No one wants to admit they come from privilege, if for no reason other than it makes whatever you have achieved in your life seem relatively unimpressive. Case in point: Samantha Henig's take on being a not-massively-rich student at Trinity - the Manhattan prep school, not the preppy Connecticut college:
For my junior year of high school, my father took a one-year fellowship in Manhattan, and my mom and I tagged along. Included in his package: a subsidized apartment for us in a doorman building at 64th and Third (which I learned within my first week did not qualify as the Upper East Side) and money to help my family send me to private school for the first time in my life. I chose Trinity on the Upper West Side because it seemed the furthest from what I had known. I was coming from a packed and diverse high school of 3,200 students, more than half of whom were black and Hispanic. At Trinity, there were 100 kids per grade, and most of them were white and very, very rich. [....]
[...] I couldn’t come close to affording the clothes and restaurants my Trinity peers took for granted. (And unlike [fictional scholarship student] Anna, whose only non-Langdon friend is a banker who’s also living the glamorous life, I still had my public-school friends back home to keep me honest.)
Obviously we are not privy to the whole story, but from the information given... if your father is not only present in your life, but has a fellowship prestigious enough to bring him perks that include a posh Manhattan apartment and private-school tuition for you, you come from privilege. Not the same kind of privilege that permits Gossip-Girl-level excesses, but privilege all the same.

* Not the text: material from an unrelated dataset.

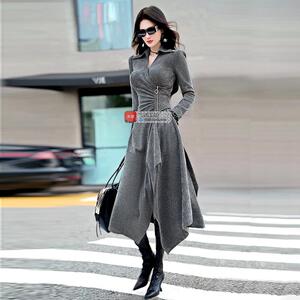 VJE设计师款秋冬不规则裙摆衬衫连衣裙新款过膝条纹开衩长裙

If you're going to use your own socioeconomic background to make some broader point about how the world works, you have to own up to what that background was, not relative to the world's three richest people, but relative to, I don't know, some slightly larger set. It's not that the subtle differences between Manhattan prep-school's upper and upper middle classes, the ones that feel massive to insiders only, should not be explored for all they're worth (although I'm not signing up for that task). But if that's what you're describing, and you're telling it from the 'lowly' upper-middle end of that spectrum, you sort of have to be clear that you know you didn't grow up poor, or even, in all likelihood, middle-class.
And then the idea that public-school friends are some kind of magical force keeping one attuned to what really matters in life just strikes me as unlikely. Is teenage materialism so fundamentally different if it's kids with $900 designer handbags sniffing at those with $80 North Face backpacks than it is if the North Face kids feel superior to those whose backpacks are off-brands? Clearly the former makes for better television - 'rich' being best indicated by Big Shiny Things, but as far as I'm concerned, the difference ends there.
Anyway, part of me feels for Henig, because I too grew up poor-relative-to-some-really-rich-Manhattan-prep-school-classmates, and I understand the temptation to present this sort of upbringing as one from which it's still possible to emerge self-made. But I tend to think it's not.